Exercise details ->
Could you output every record below exactly, leaving out the pictures?
···
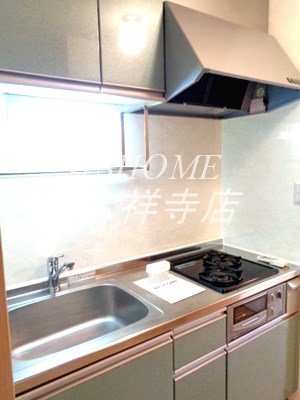 エトワール キッチン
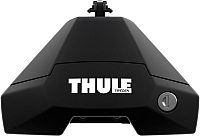 Комплект упоров для рейлинга Thule Evo Clamp / 710500 - 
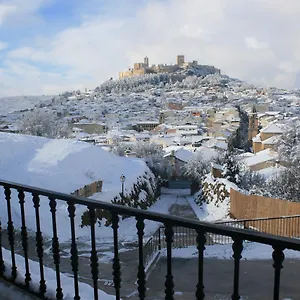 Mirador Tierra De Frontera Country house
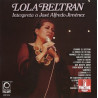 LOLA BELTRAN – INTERPRETA A JOSÉ ALFREDO JIMÉNEZ CD 7509859014334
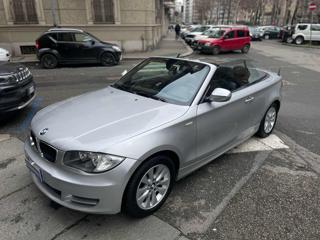 BMW 118 usata, con Airbag Passeggero
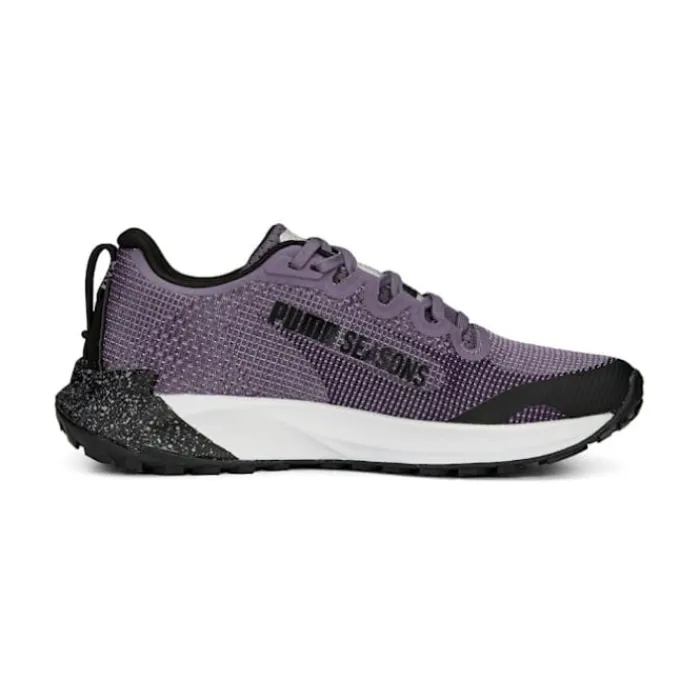 Puma Offre De Chaussures De Randonnée|Chaussures Trail^Fast-Trac Nitro Noir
···
Exercise answer ->
 エトワール キッチン
 Комплект упоров для рейлинга Thule Evo Clamp / 710500 - 
 Mirador Tierra De Frontera Country house
 LOLA BELTRAN – INTERPRETA A JOSÉ ALFREDO JIMÉNEZ CD 7509859014334
 BMW 118 usata, con Airbag Passeggero
 Puma Offre De Chaussures De Randonnée|Chaussures Trail^Fast-Trac Nitro Noir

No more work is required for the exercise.